* _REQUIRED WORK_: Among the entries below, copy only the span from the line containing "Butik İstanbul Erkek" through the line containing "Blumenampel Makramee, Baumwollseil". Do so exactly, and skip the pictures.

* _LISTED ENTRIES_:
+ + + + +
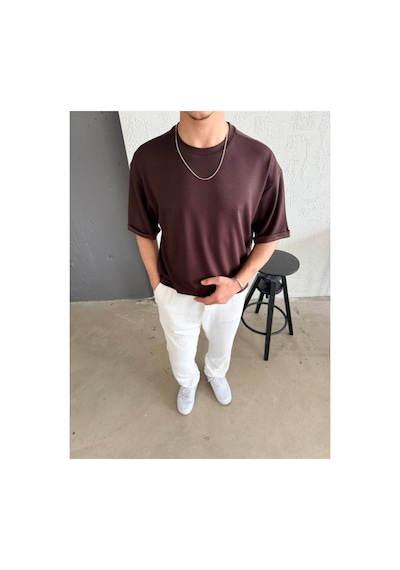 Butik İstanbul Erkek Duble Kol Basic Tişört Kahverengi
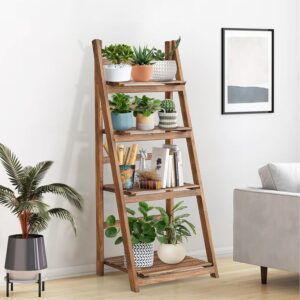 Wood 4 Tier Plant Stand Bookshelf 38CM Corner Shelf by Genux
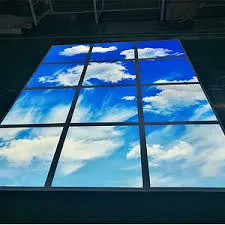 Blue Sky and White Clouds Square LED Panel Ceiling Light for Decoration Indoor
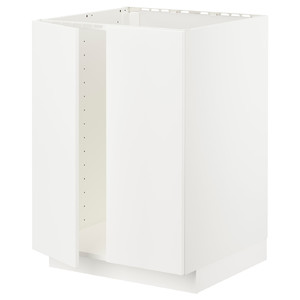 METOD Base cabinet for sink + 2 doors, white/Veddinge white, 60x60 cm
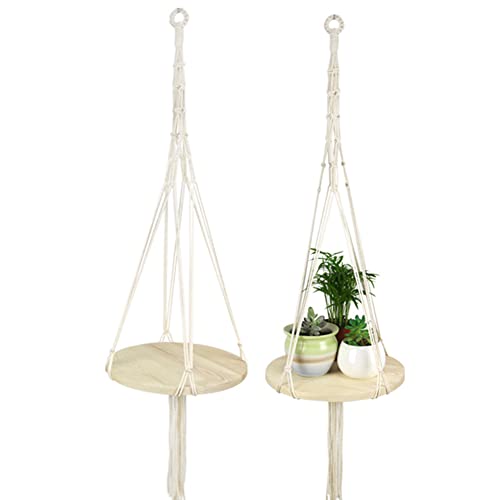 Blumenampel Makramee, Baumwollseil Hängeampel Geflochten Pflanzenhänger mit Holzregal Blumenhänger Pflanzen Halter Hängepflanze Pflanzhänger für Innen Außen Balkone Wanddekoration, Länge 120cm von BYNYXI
+ + + + +
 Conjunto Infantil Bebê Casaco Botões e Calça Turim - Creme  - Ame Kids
+ + + + +
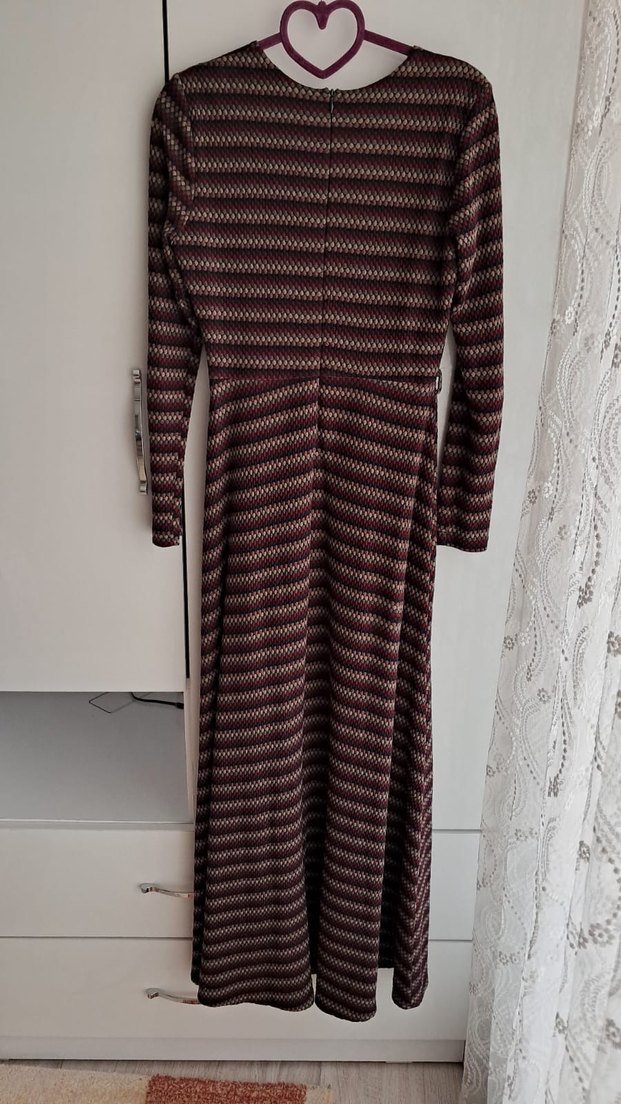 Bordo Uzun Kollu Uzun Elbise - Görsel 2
+ + + + +
* _OUTPUT FOR THIS EXERCISE_:
 Butik İstanbul Erkek Duble Kol Basic Tişört Kahverengi
 Wood 4 Tier Plant Stand Bookshelf 38CM Corner Shelf by Genux
 Blue Sky and White Clouds Square LED Panel Ceiling Light for Decoration Indoor
 METOD Base cabinet for sink + 2 doors, white/Veddinge white, 60x60 cm
 Blumenampel Makramee, Baumwollseil Hängeampel Geflochten Pflanzenhänger mit Holzregal Blumenhänger Pflanzen Halter Hängepflanze Pflanzhänger für Innen Außen Balkone Wanddekoration, Länge 120cm von BYNYXI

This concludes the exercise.